WORK ITEM
The reply should hold only the lines below beginning at the one with "Hey everybody, we" and ending at the one with "Output is back", copied exactly, with every picture left out.

DATA SUPPLIED
—————
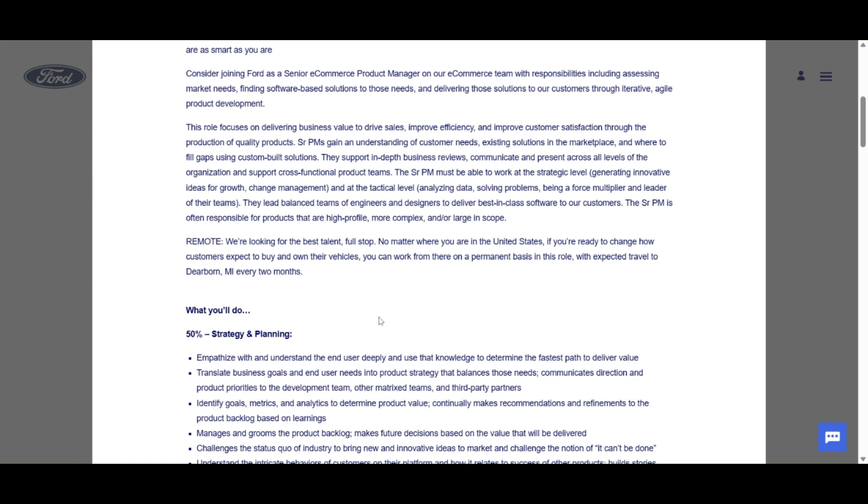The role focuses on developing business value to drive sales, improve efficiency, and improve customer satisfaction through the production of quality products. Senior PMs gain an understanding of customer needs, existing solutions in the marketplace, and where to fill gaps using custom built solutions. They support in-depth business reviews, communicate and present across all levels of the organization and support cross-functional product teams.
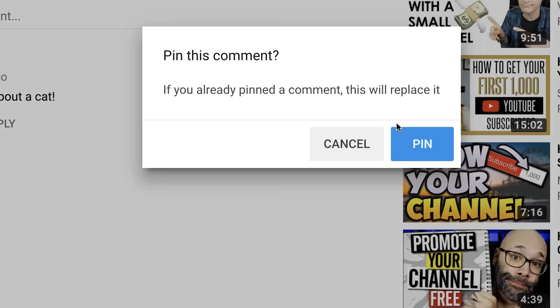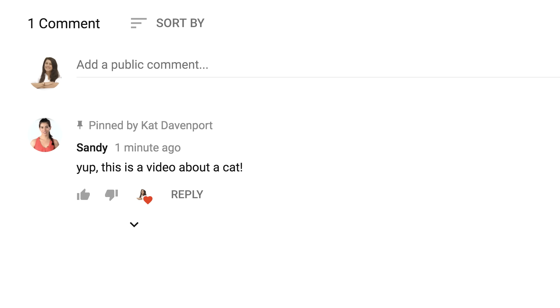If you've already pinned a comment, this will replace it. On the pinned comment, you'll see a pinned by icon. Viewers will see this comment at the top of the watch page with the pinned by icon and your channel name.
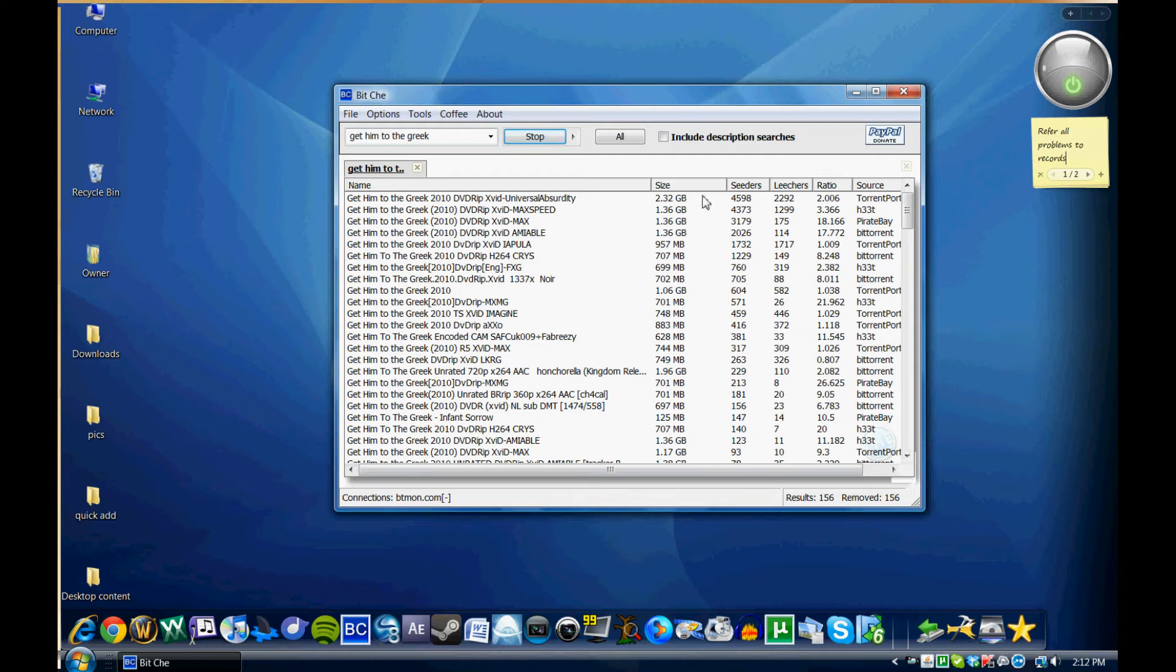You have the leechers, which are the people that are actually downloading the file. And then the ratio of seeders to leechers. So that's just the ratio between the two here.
—————
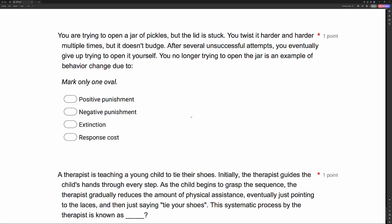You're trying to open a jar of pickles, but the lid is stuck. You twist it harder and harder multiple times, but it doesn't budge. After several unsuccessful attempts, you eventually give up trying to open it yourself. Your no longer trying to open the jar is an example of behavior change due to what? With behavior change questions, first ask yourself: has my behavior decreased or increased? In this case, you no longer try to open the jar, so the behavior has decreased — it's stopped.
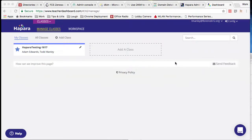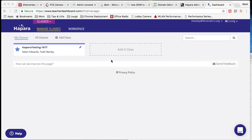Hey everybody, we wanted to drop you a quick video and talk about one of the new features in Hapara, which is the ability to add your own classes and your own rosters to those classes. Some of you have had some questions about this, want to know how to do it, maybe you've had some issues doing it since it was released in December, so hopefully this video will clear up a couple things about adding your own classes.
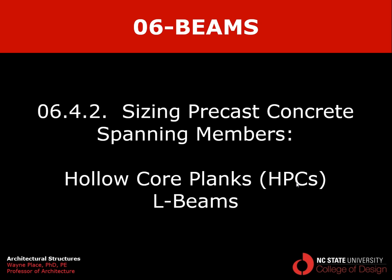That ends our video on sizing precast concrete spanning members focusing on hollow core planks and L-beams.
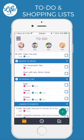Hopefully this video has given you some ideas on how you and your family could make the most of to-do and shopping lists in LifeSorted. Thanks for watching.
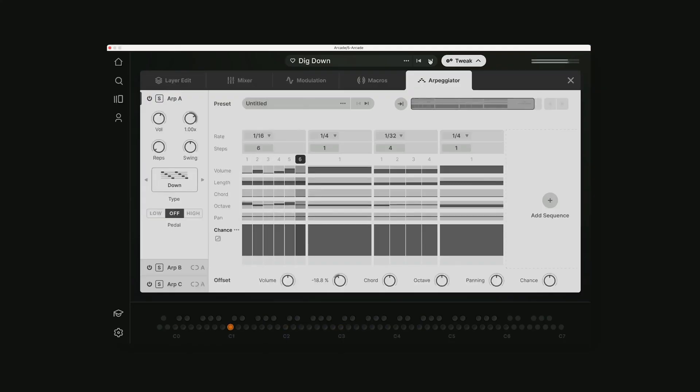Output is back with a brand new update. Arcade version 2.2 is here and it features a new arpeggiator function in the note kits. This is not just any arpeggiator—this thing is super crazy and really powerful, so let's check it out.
—————
OUTPUT
Hey everybody, we wanted to drop you a quick video and talk about one of the new features in Hapara, which is the ability to add your own classes and your own rosters to those classes. Some of you have had some questions about this, want to know how to do it, maybe you've had some issues doing it since it was released in December, so hopefully this video will clear up a couple things about adding your own classes.
That ends our video on sizing precast concrete spanning members focusing on hollow core planks and L-beams.
Hopefully this video has given you some ideas on how you and your family could make the most of to-do and shopping lists in LifeSorted. Thanks for watching.
Output is back with a brand new update. Arcade version 2.2 is here and it features a new arpeggiator function in the note kits. This is not just any arpeggiator—this thing is super crazy and really powerful, so let's check it out.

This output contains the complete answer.